RECORDS FOR THE EXERCISE
++++++++++++++++++++

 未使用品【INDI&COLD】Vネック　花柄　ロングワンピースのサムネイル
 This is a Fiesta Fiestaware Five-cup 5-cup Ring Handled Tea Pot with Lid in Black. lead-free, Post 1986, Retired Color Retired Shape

++++++++++++++++++++

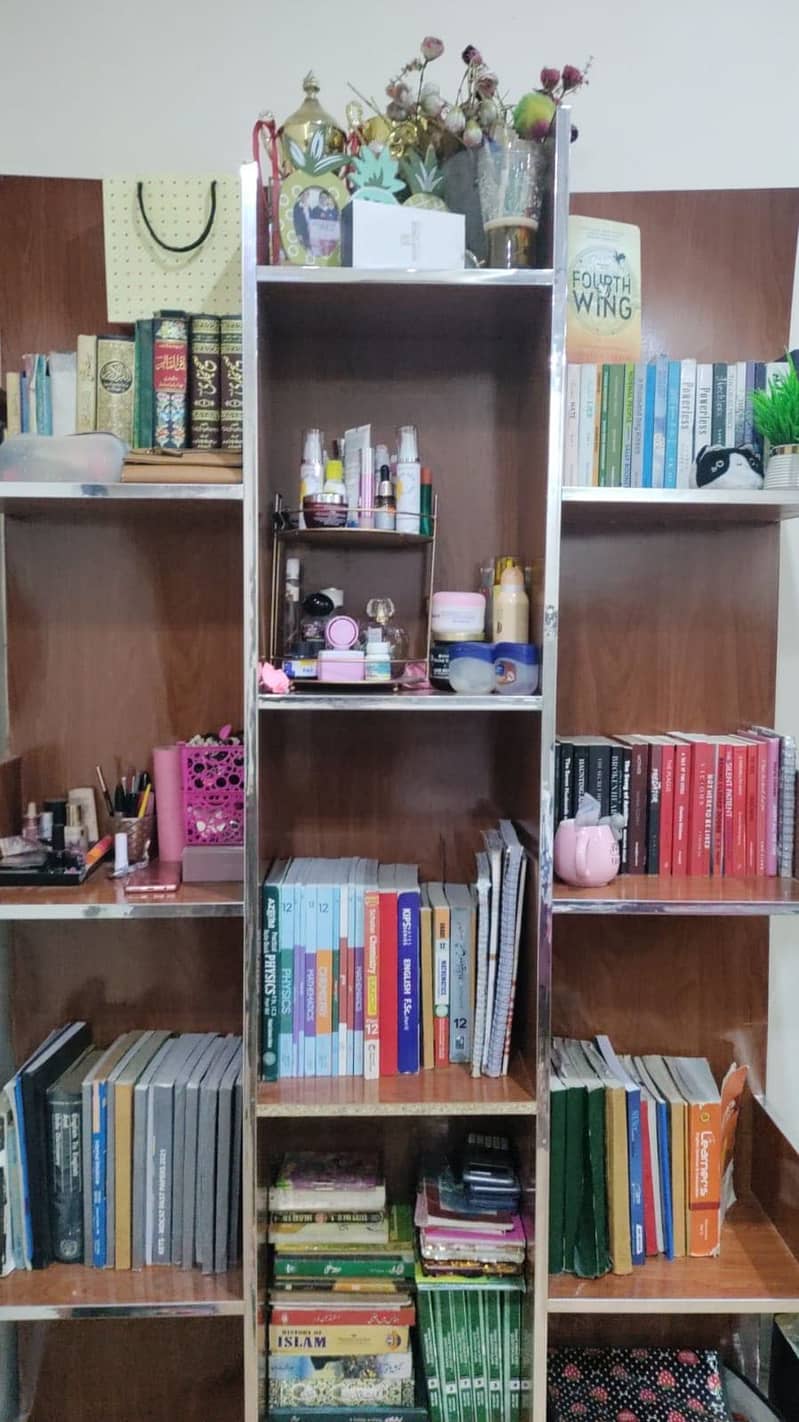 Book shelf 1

++++++++++++++++++++

TASK BRIEF
Taking the listing above as the source, transcribe only the lines starting at the line with "未使用品【INDI&COLD】Vネック　花柄　ロングワンピースのサムネイル" and going through the line with "This is a Fiesta", unaltered and with both ends included.

EXPECTED ANSWER
 未使用品【INDI&COLD】Vネック　花柄　ロングワンピースのサムネイル
 This is a Fiesta Fiestaware Five-cup 5-cup Ring Handled Tea Pot with Lid in Black. lead-free, Post 1986, Retired Color Retired Shape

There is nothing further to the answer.